Modern chip design differs to conventional software engineering in three fundamental aspects that require a somewhat different approach to project development:
Transformations and representations. The creation of a chip design from a source-level representation through to a final GDSII description of the layout involves many stages of incremental transformations of the circuit and layout, and then incremental assembly of components into various subsystems before finally the entire chip. At various stages through this process, checks are performed on the design typically using simplified representations to reduce complexity and make run times practical.
Tooling. Compared to software tooling, standard chip-design tooling (known in the industry as electronic design automation) : (1) is almost all proprietary and used under license, meaning that interactive and automated use is limited and at odds with a continuous-integration model of development; (2) can have long run times (upwards of 12 hours for a job are not uncommon) and produce vast quantities of data, making it very unattractive to rerun something unless absolutely necessary; and (3) can be non-deterministic in that rerunning a job with the same set of inputs produces a different output.
Tape out. When a design is released for manufacture (known in the industry as a tape out), there are typically high non-recoverable expenses associated with setting up the processes and a long lead time in receiving a (hopefully) working device. There are two implications of this situation: (1) chip tape outs precludes incremental releases, for example to fix trivial bugs, and therefore means that the confidence in the correct functionality of the design must be very high; (2) post tape out, the design source code is effectively frozen forever more for the purposes of debug and analysis.

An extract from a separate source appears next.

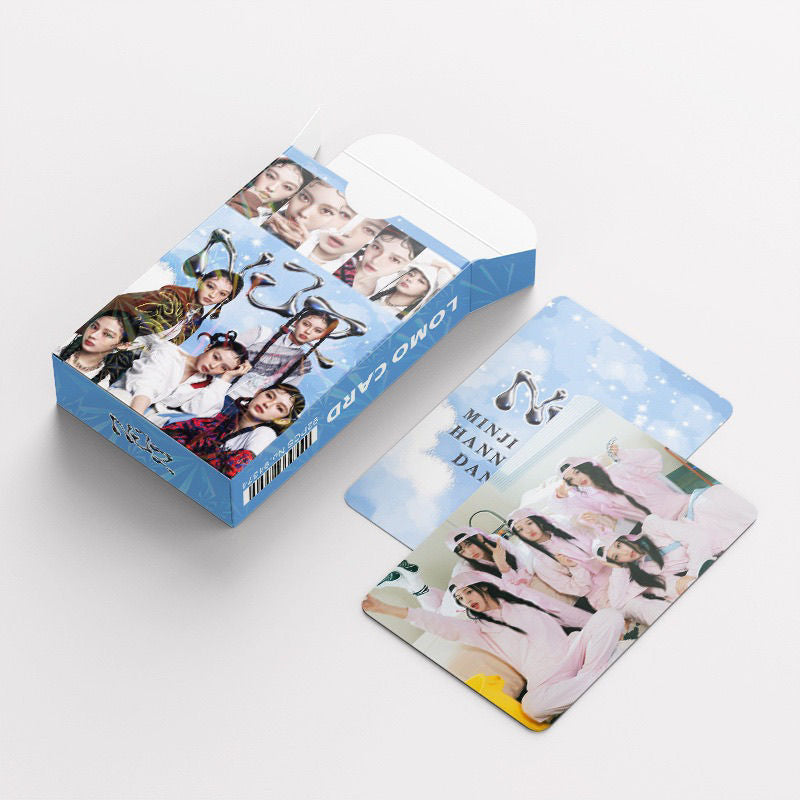 CARTES PHOTO NJZ (NEWJEANS) 92 PIÈCES (60 CARTES PHOTO + 32 AUTOCOLLANTS)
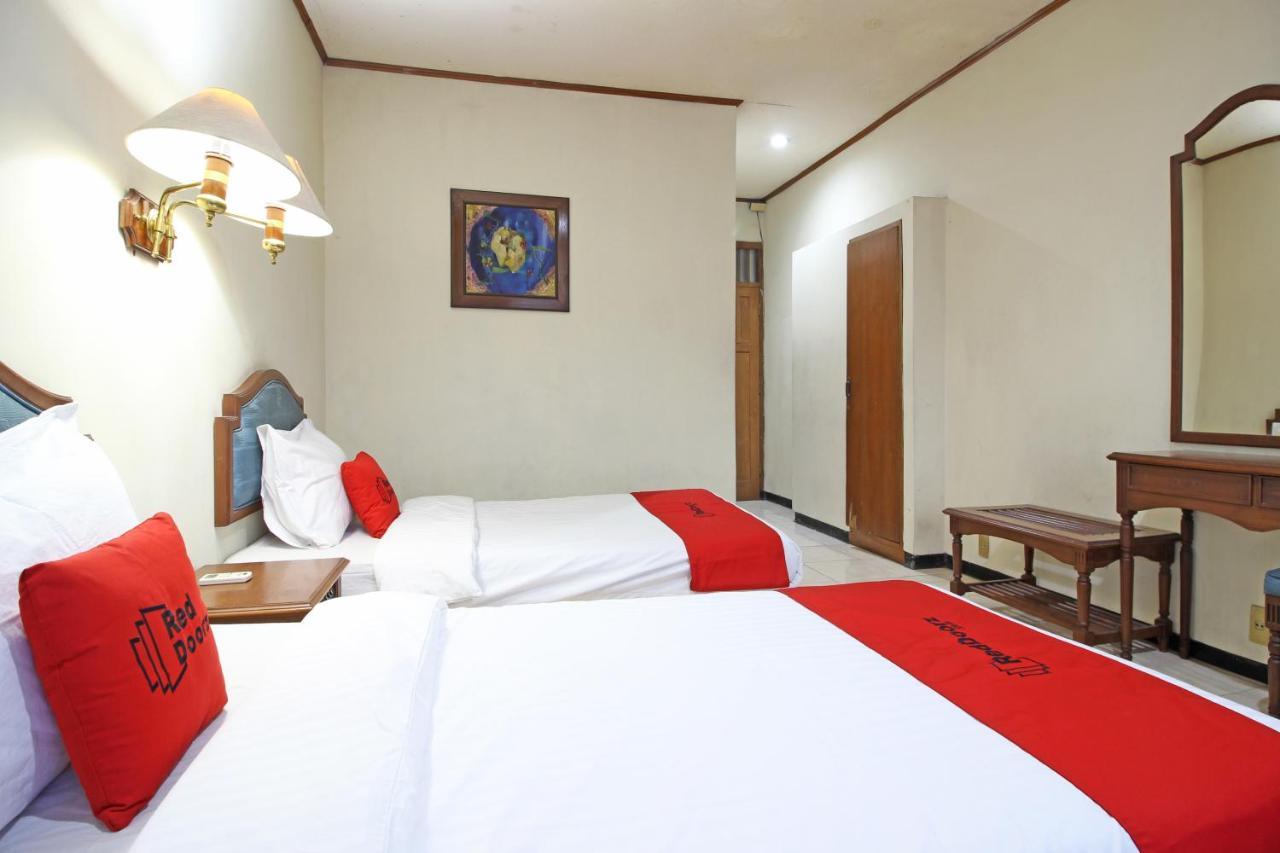 Reddoorz Near Malioboro Tugu Station Jogja Ξενοδοχείο Γιογκιακάρτα Εξωτερικό φωτογραφία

Despite these differences, many of the techniques and tools from software engineering can readily be applied to chip development, particularly to manage complexity and maintain high standards of code quality, testing and integration. This note lays out some thoughts and opinions on the components and structure of a software infrastructure to build chips.
Table of contents
The overall objective of a silicon infrastructure is to support the development of a verified chip design from RTL to GDSII. To make this more specific, I also define the following capabilities that should be supported as an overall philosophy of the approach that is explored in this note:
To rerun everything from scratch, requiring full automation of an the end-to-end flow. This is intended to: (1) distribute the task of integrating components of a design across a team, thereby revealing issues at as earlier stage in the project as possible to avoid disruptive changes towards the end; (2) enable faster design iteration; and (3) provide traceability of results (a foundation for the next aim).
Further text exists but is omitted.